→ **What is expected**:
Using the listing below, set down exactly the lines from the one that contains "Mixed Breed dogs" through the one that contains "Diver Looks Lionfish", with no pictures.

→ **Dataset records**:

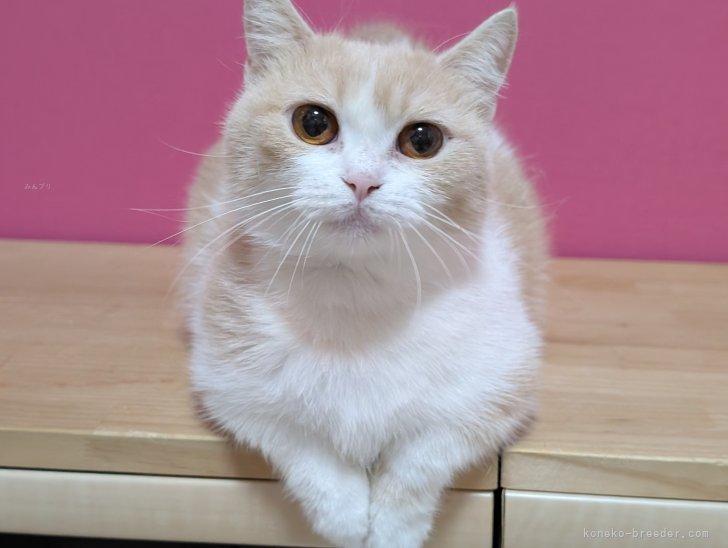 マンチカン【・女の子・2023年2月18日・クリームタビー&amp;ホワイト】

--

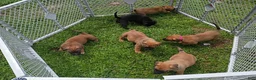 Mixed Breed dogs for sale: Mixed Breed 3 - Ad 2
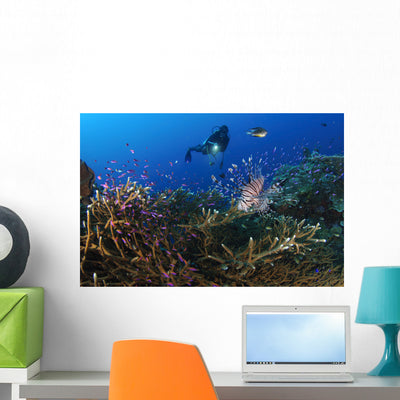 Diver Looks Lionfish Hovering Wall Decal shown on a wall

→ **Response**:
 Mixed Breed dogs for sale: Mixed Breed 3 - Ad 2
 Diver Looks Lionfish Hovering Wall Decal shown on a wall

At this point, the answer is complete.